The story orbits around tech-savvy Kelly-Anne (Juliette Gariépy), a seemingly successful woman with a semi-professional modeling career and a knack for online poker. Yet, her societal image is marred by her unwavering fascination with serial killer Ludovic Chevalier (Maxwell McCabe-Lokos), aka the Demon of Rosemont. Kelly-Anne's obsession appears to verge on pathological, as she attends his court proceedings with keen interest.
The film introduces Chevalier not as an active player but a fringe element, his gruesome deeds serving as the narrative fulcrum. Kelly-Anne has become a serial killer groupie, unhealthy in her fascination with the perpetrator and the crimes, which include abductions, torture, sexual abuse and murder of underage girls for anonymous, wealthy, sadistic spectators.

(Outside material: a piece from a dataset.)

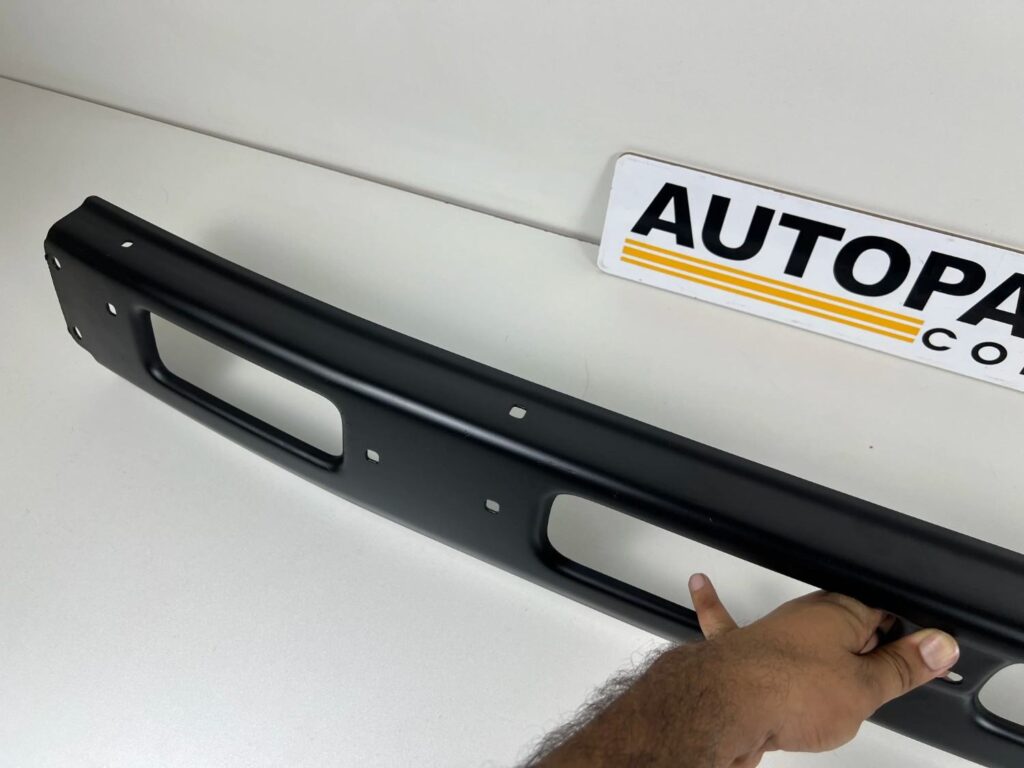 Hilux pickup 1981 1982 1983 4WD OEM front bumper bar (8)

And her kink throws her carefully orgnaized life into a downard spiral on the verge of psychosis. Meanwhile Chevalier, portrayed as a pitiful caricature by McCabe-Lokos, remains more as a backdrop for the real drama unfolding between Kelly-Anne and the victims' families.
Plante bucks genre expectations from the get-go, commencing with a drawn-out courtroom scene where Vincent Biron's camera pans around the room, capturing the reactions of all parties involved, from the prosecution to the shocked families. In doing so, Plante ensures the film begins not as a crime thriller but as a psychological drama. The narrative then subtly transitions from the courtroom to Kelly-Anne's personal life, revealing a protagonist adept in online poker and dark web exploits.

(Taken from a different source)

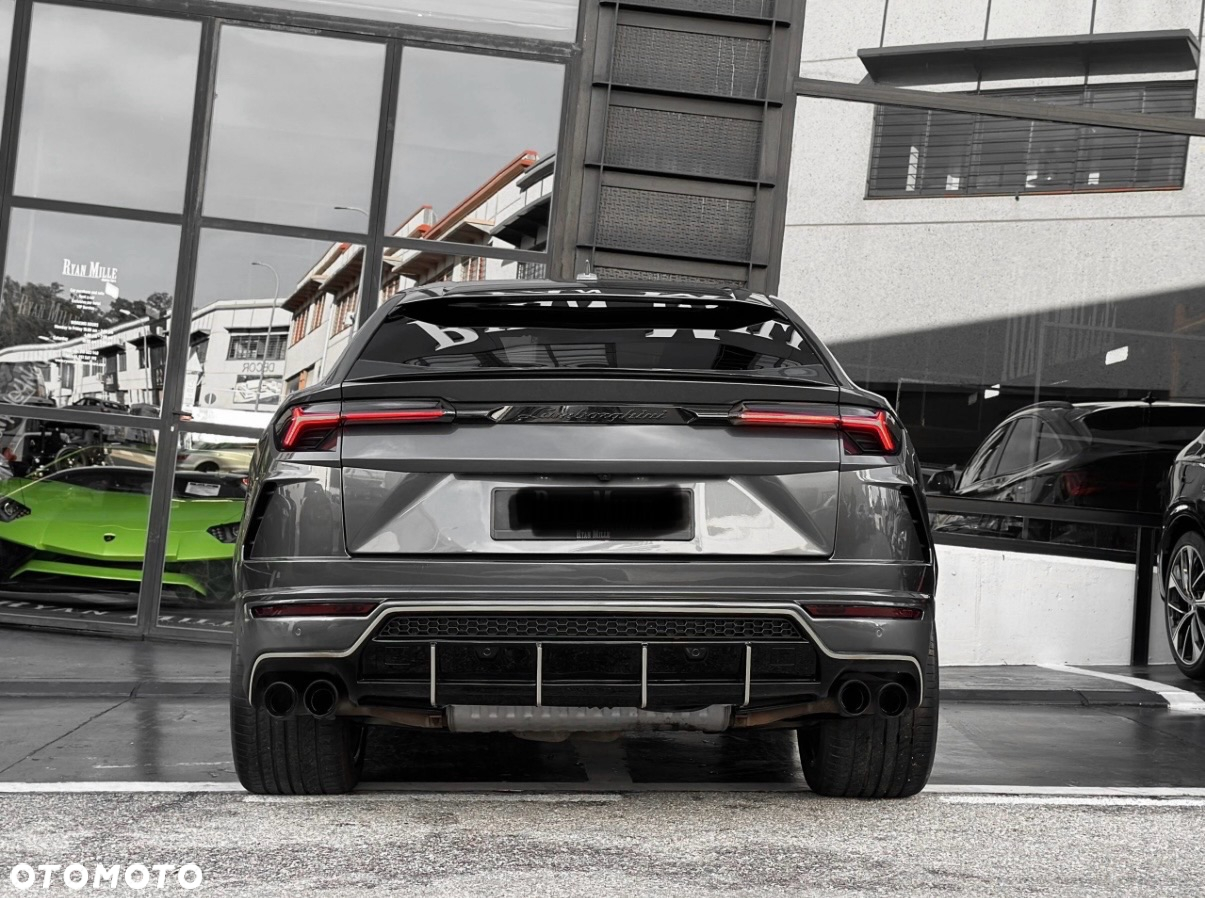 Lamborghini Urus - 5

The director subverts conventional expectations by dedicating the film's first act to building a courtroom case against the child killer. This unique storytelling approach eschews typical genre structures, steering the narrative towards a psychological drama. The narrative focus shifts, concentrating on the reactions and mental states of Kelly-Anne and the surviving family members.

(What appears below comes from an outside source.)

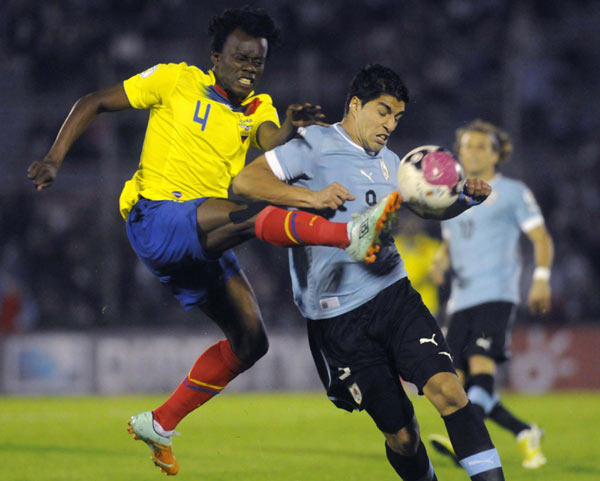 Messi shackled in Lima, Colombia wins again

Plante relegates Chevalier to the periphery, allowing his horrific crimes to communicate his character and act as emotional triggers for both the protagonist and the victims' families, who must endure repeated recounting of the atrocities inflicted on their daughters. A mounting psychological tension becomes evident between Kelly-Anne and the mother of one victim, with Kelly-Anne evolving into an emotional tormentor.
In fact, the film partly delves into Michael Haneke's social horror realm, staging a collision between two starkly contrasting worlds. It presents two female perspectives that, by virtue of motherhood and empathy, should align, but instead exhibit a stark and even perverse contrast.
In the film's second act, Plante delves deeper into Kelly-Anne's enigmatic private life. The tech-savvy protagonist, adept at online poker and navigating the dark web, encounters a new character, the naive Clementine (a doe-eyed Laurie Babin), another groupie, penned by Plante himself. Despite originating from the same sphere, their worlds collide, highlighting the distinct boundaries within the sisterhood of the child killer's followers, as Clementine discovers her own limits.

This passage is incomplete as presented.